Literary Monster

Search

Search IconIcon to open search

Billy Summers

Last updated Jun 20, 2023 Edit Source

I’ve just finished reading Stephen King’s Billy Summers and it was a good read. I didn’t love it as much as I did The Outsider, and it got a bit “explainy” in the third act (crime novels are tough planes to land), but King’s talent for characterization and description always thrill me. Some have complained that the book is a slow burn, but when aren’t his books a slow burn? He lets the pot simmer for a long time before the shit really hits the fan, and personally, I love it.

Skip Billy Summers if you avoid stories that include sexual assault.

Read Billy Summers if you like relatable antiheroes, or Stephen King books in general.

# Thinking about Voice & POV

Lately, I’ve been thinking about authorial voice. Namely, how to develop one, or how to bring it out more strongly.

In first-person narrative, I have an authorial voice. It’s not quite the same as my blogging voice. Then again, I’ve only written one series in first person, and it includes the first book I ever wrote, so Kat’s voice has similarities to my own.

In third-person stories, I haven’t found my voice yet. Don’t get me wrong, I can string a paragraph together and my characters are distinct people. But that’s all different than having an authorial voice. Despite writing a bunch of third person stories, I still struggle with letting my tone and style flow through into third person.

For my last few books, I’ve been working to improve my deep perspective. That means taking the third-person POV camera off the character’s shoulder and shoving it deep inside their skulls, behind their eyes. It’s an important skill to have.

But what if I need my “camera” to be more mobile than that?

To describe what I mean, let’s start with a sentence of inside-the-skull POV (third-person limited) from Billy Summers:

She stops again and wipes her eyes with the sleeve of her jacket. It’s cold out here. But the stillness is exquisite. This early even the crows are asleep.

Now, here’s a sentence of third-person narration from Nora Roberts’ Hideaway:

When Liam Sullivan died, at the age of ninety-two, in his sleep, in his won bed with his wife of sixty-five years beside him, the world mourned.

Note how the camera is more distant. It’s almost omniscient! And here’s that same narrator (I think) describing the perspective of a specific character:

“How many stories do I have to hear about the great Liam Sullivan?”

Once he’d thought she understood his thick braided family ties, then he’d hoped she’d come to understand them. Now they both understood she just tolerated them.

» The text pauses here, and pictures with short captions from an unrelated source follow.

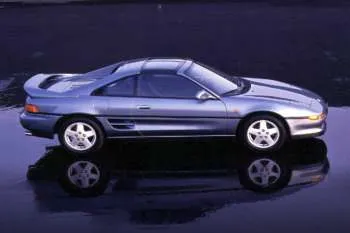 Toyota MR2 2.0 GT-i – fotka 3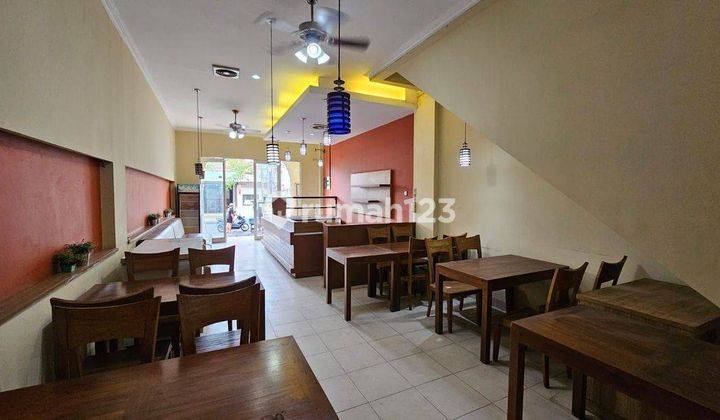 Ruko 4 lantai Ex Cafe Grand Galaxy, Bekasi Selatan 1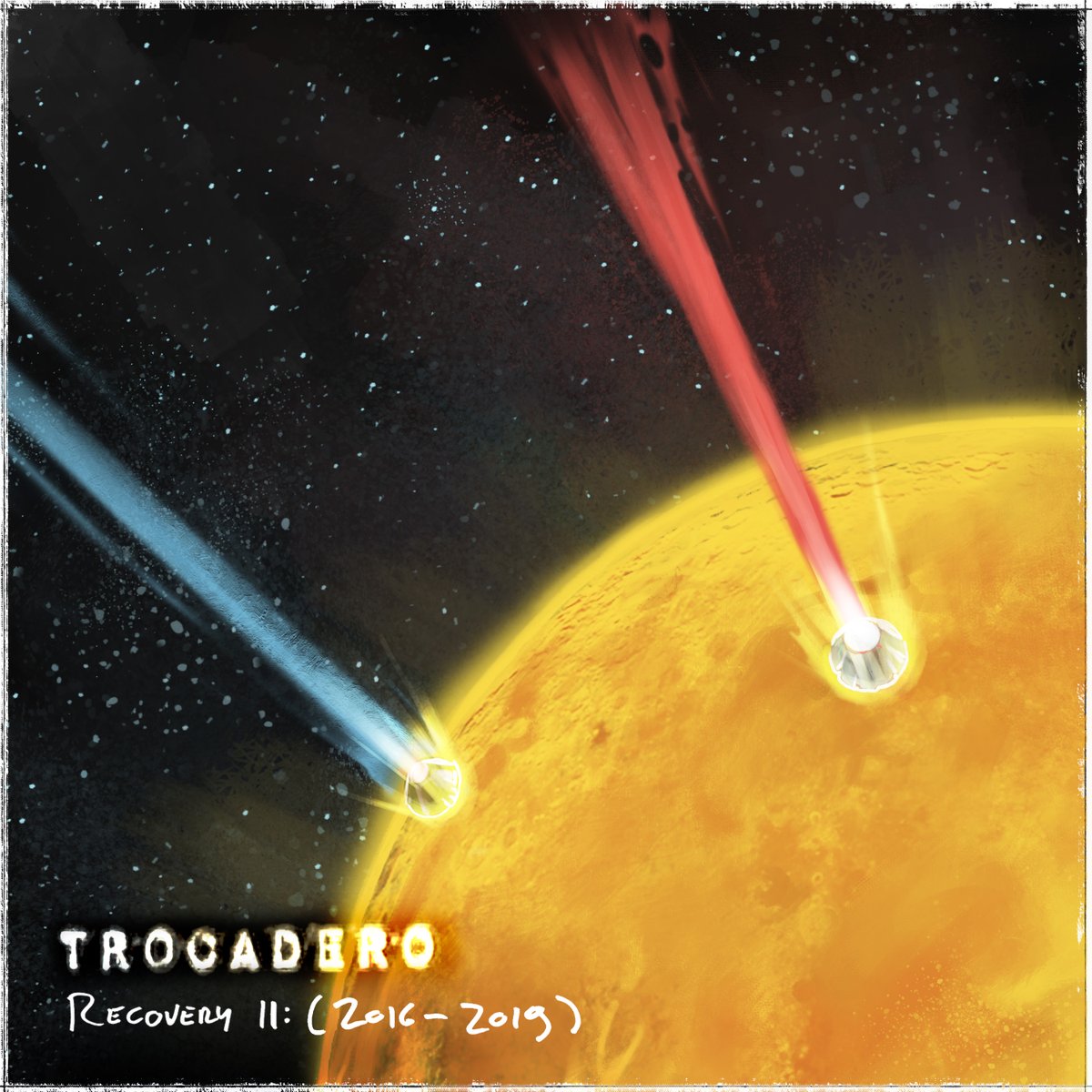 Trocadero tweet media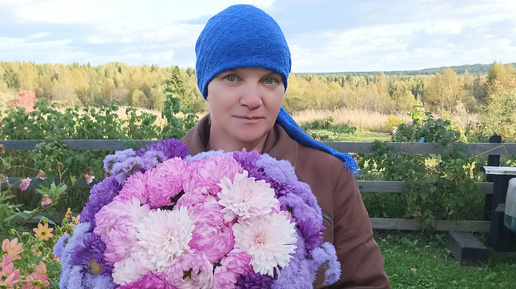 Поездка в город, замерзло всё.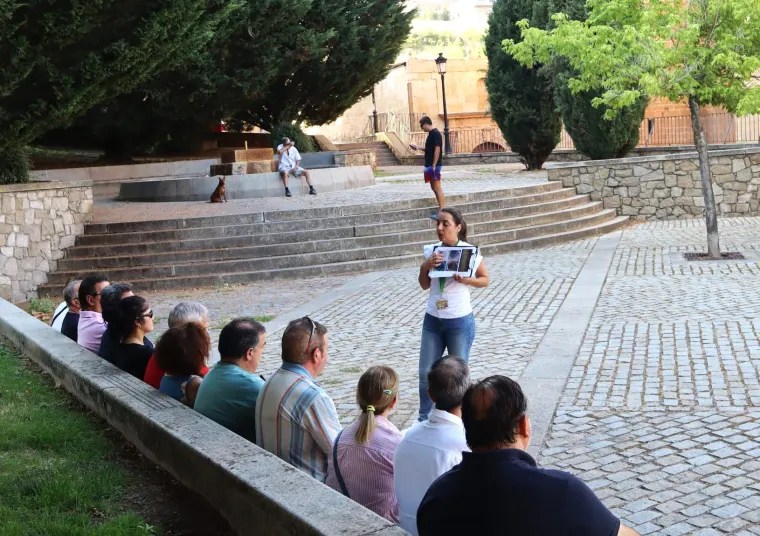 Visita guiada en la ciudad de Soria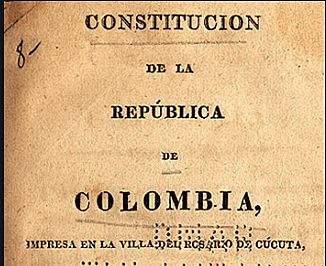 Constitución de 1821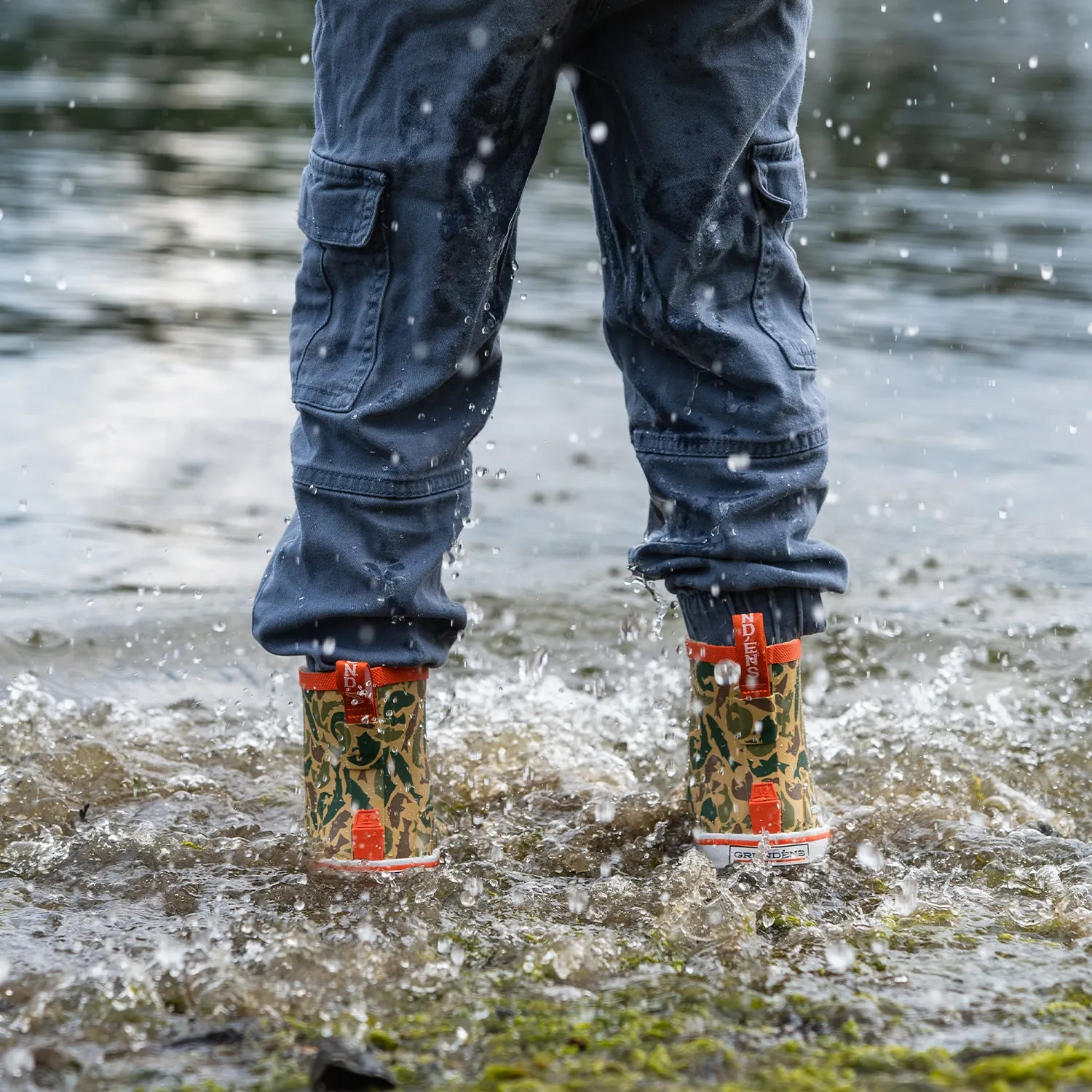 Kid's Guppy Rain Boot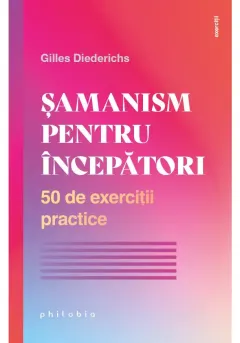 Coperta cărții Samanism pentru incepatori
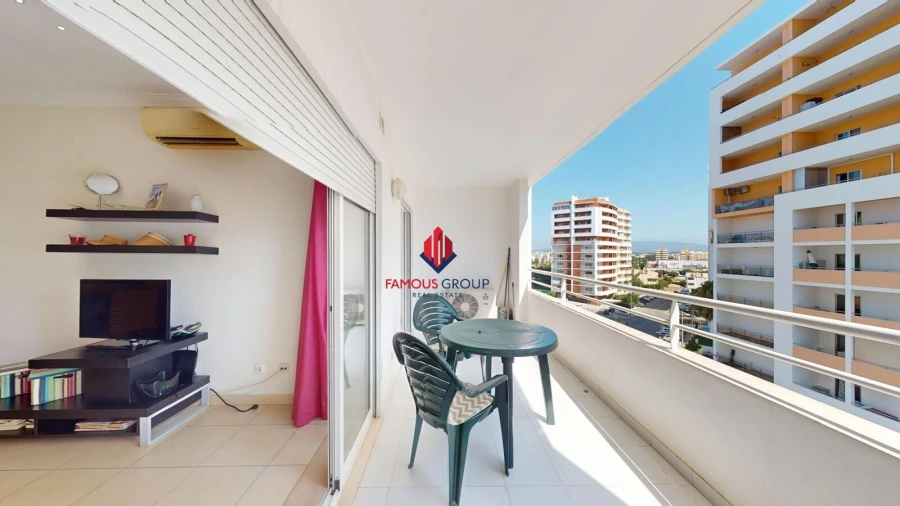 Apartamento T1 para Venda em Portimão Foto 11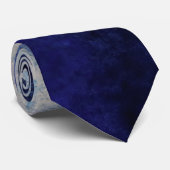 Modern Waterclor Art Stropdas (Opgerold)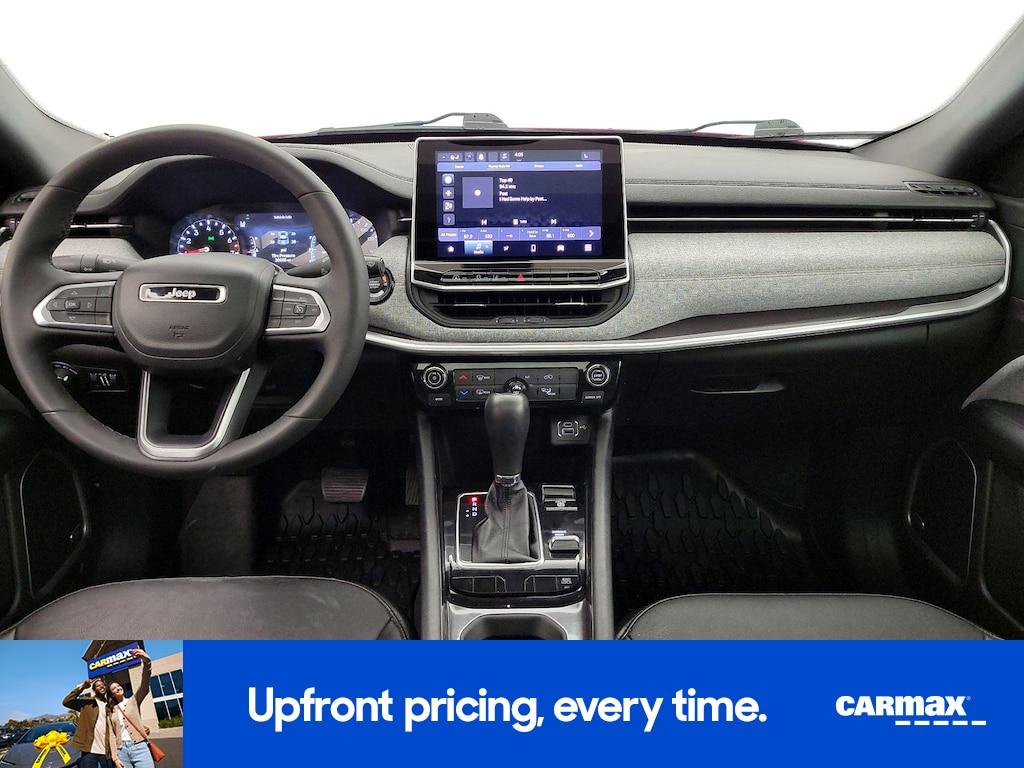 used 2023 Jeep Compass car, priced at $23,998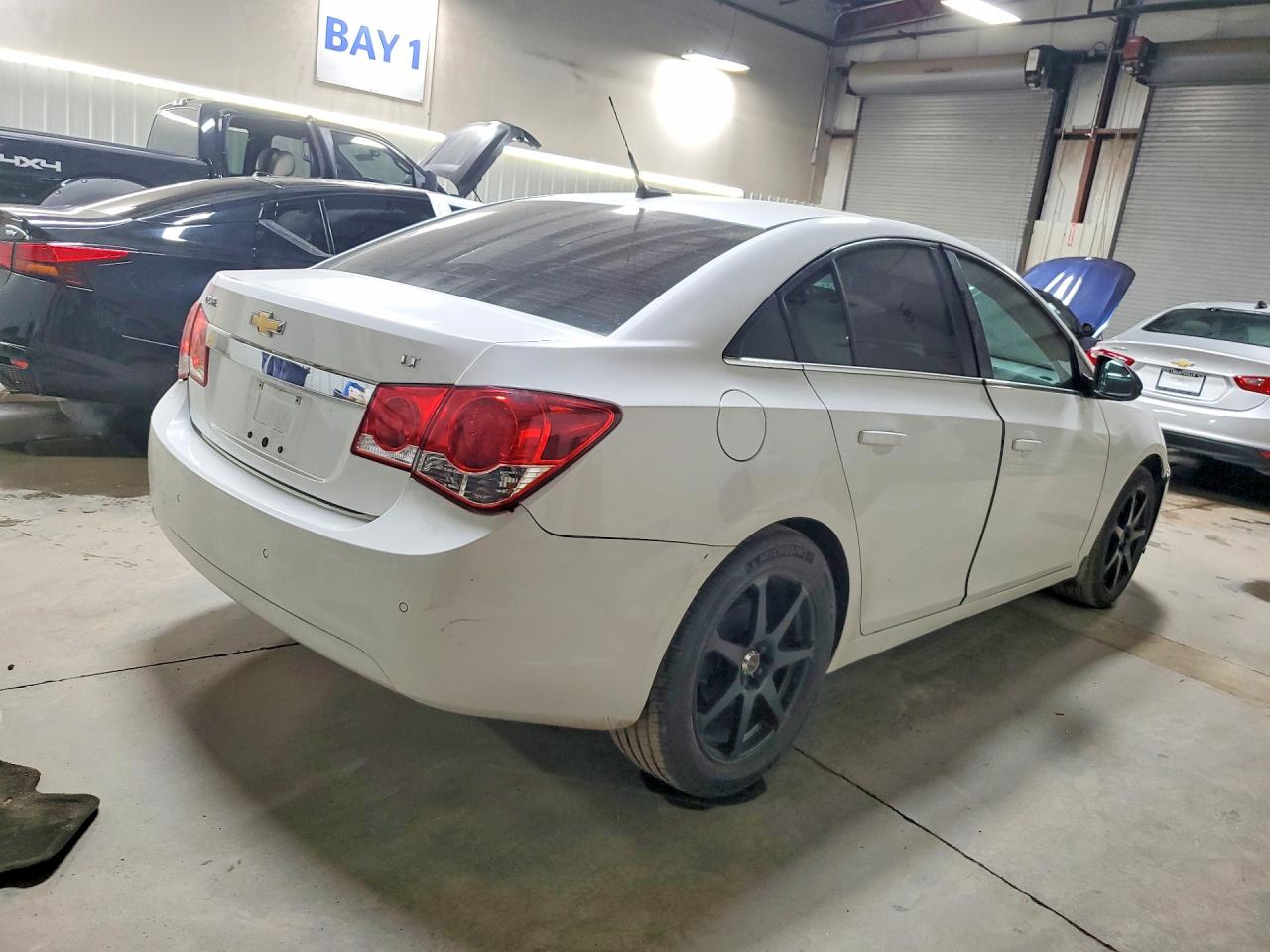 Chevrolet Cruze Eco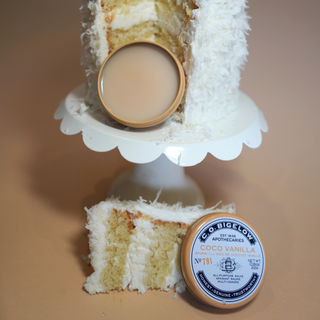 Coco Vanilla Salve Tin No.791 22g
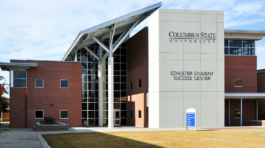 CSU Shuster Student Success Center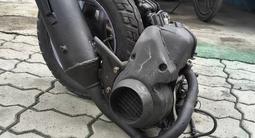 Мотор Honda Dio AF-18/27 за 29 990 тг. в Алматы – фото 3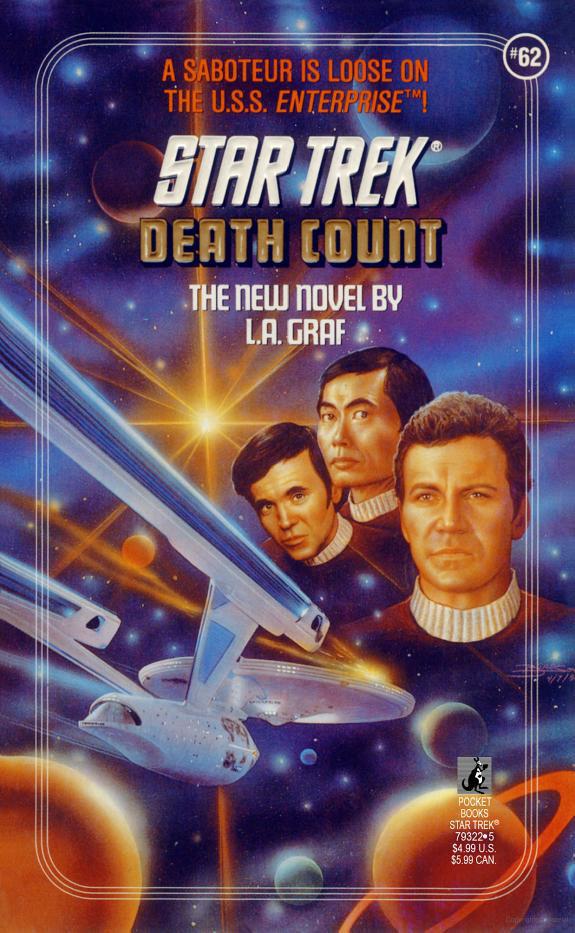 Star Trek: The Original Series - 069 - Death Count
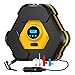 NOOX 12V DC Air Compressor Pump Automatic Tire Inflator Compact & Portable Air Inflator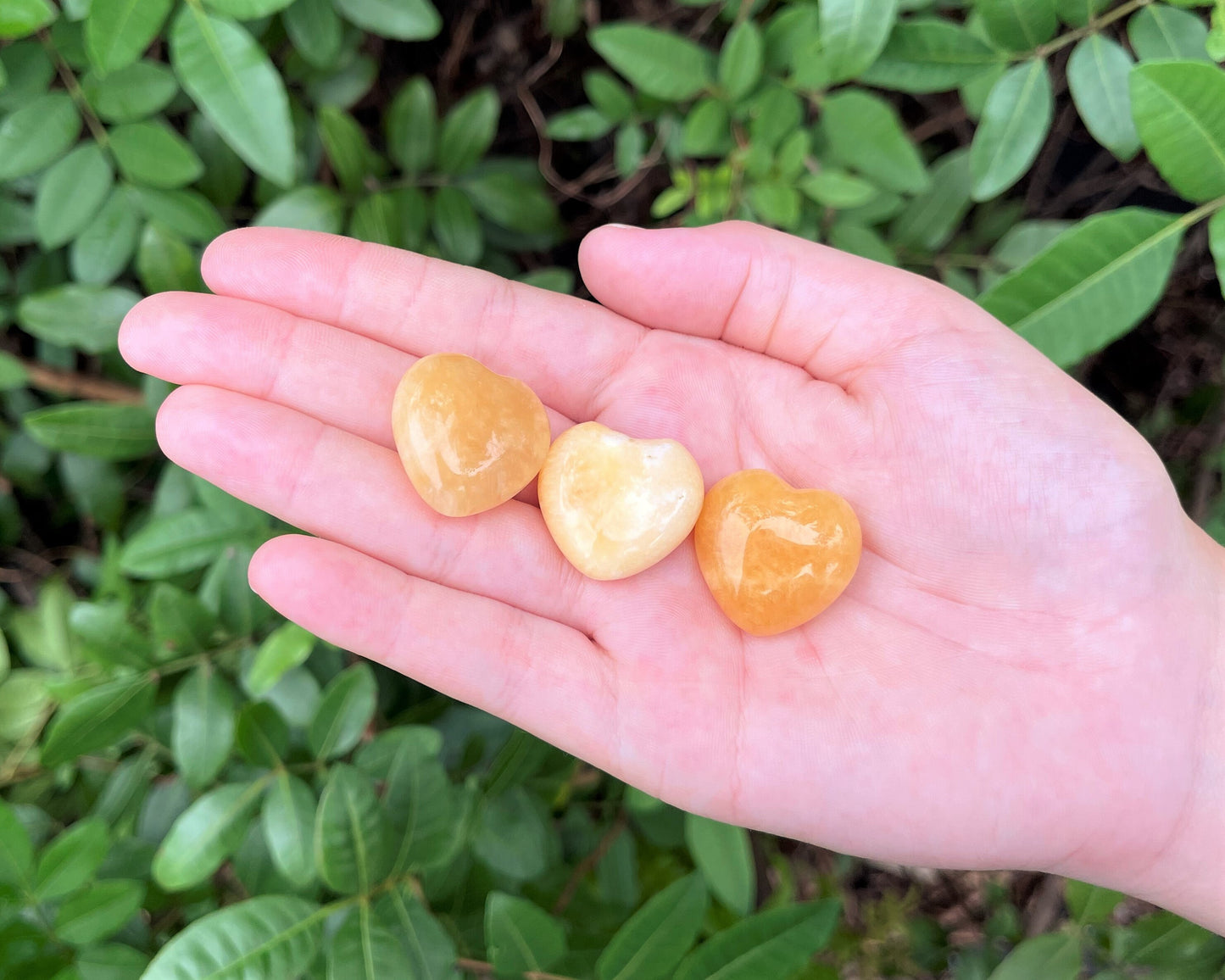 Radiant Calcite Gemstone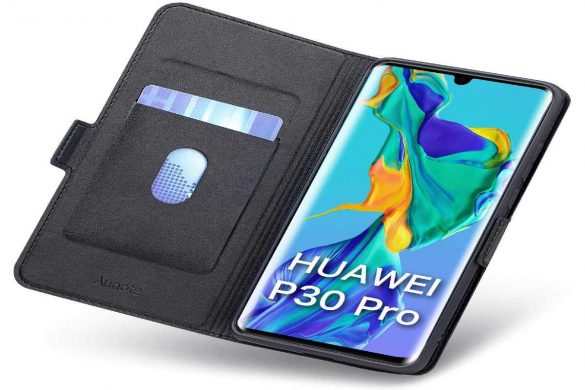 Huawei P30 Pro Cardholder Case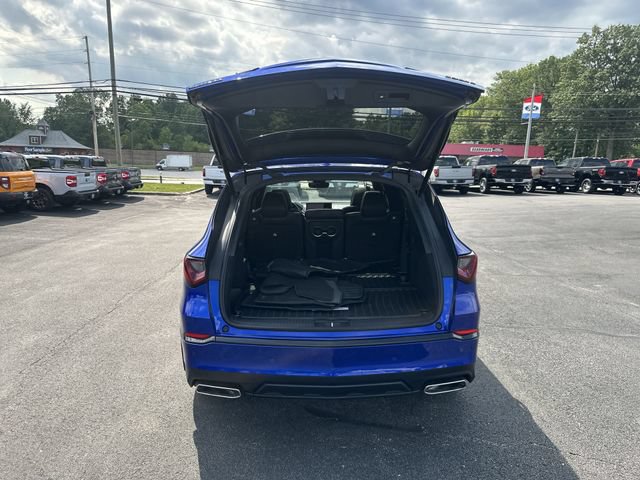 Used 2022 Acura MDX A-Spec AWD/4WD image 23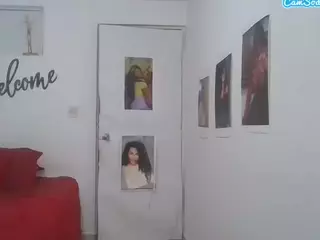 Bellacrespa's Live Sex Cam Show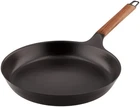 Vermicular Frying 28CM Walnut For Gas/ih Cast Iron Enamel FP28-WN Japan New. Price: $358.99.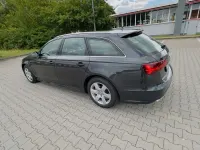Gebraucht Audi A6 190 PS (139 kW) 2017 Grau Kombi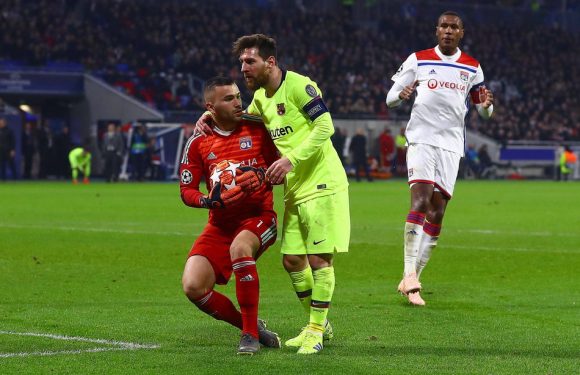 OL-Barcelone: «J&rsquo;ai tout aimé de ce match sauf le résultat», le coach catalan satisfait de ses troupes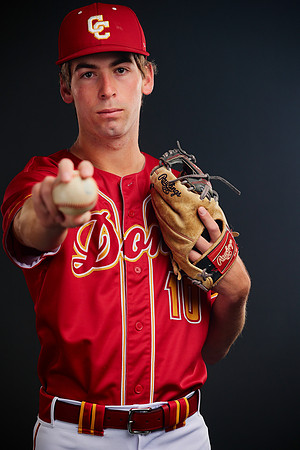 Cathedral Catholic Boys Varsity Baseball Team Media Day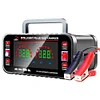 12V/24V Car Battery Charger 10A/5A Smart Motorcycle Battery Charger Large Screen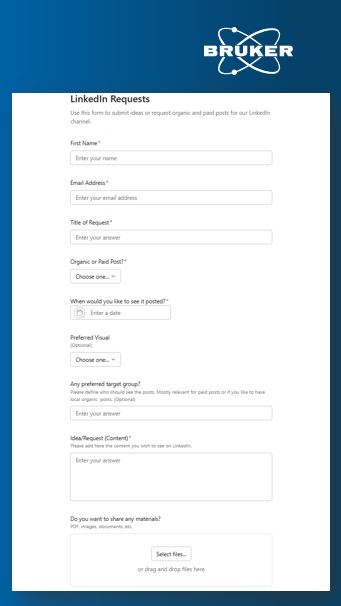 How to Post to our new LinkedIn Channel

Roberts’ first sentence comes from an introductory section where the family history is described. It’s disconnected from any particular scene. But that same not-quite-in-the-skull narrator picks up and narrates the POV from the rest of the characters in the story. The narrator is head-hopping, you might say, diving in from skull to skull. Nora does it well, so I can tell which thoughts belong to which person.

I wonder, is “voice” expressed through character POV, or does it happen via the narrator’s voice? I suspect it’s both.

Check out this bit of narration from Billy Summers:

The living room is as long as a Pullman car. There are three chandeliers, two small and one big. The furniture is low and swoopy. … There’s a grandfather clock that looks embarrassed to be here.

Frank Macintosh, the leg-breaker turned manservant, brings them drinks on a tray.

I wonder: who are these observations coming from? Are they Billy’s observations, or King’s? It feels blurry to me, but I don’t much care, because I’m having fun. But let’s drop down a paragraph or two:

He reaches into the pocket of his suitcoat – enough fabric there to clothe an orphanage, Billy thinks – and produces a wallet.

Okay! Here we’ve got the Billy thinks tag, making it clear that the observation came from him, not the narrator.

The role of the narrator seems important. But narration is such a slippery concept in third-person perspective. Hmm… Is good third-person actually an omniscient narrator who keeps her mouth shut a lot?

I don’t know, but I’ll keep on reading and thinking until I figure it out.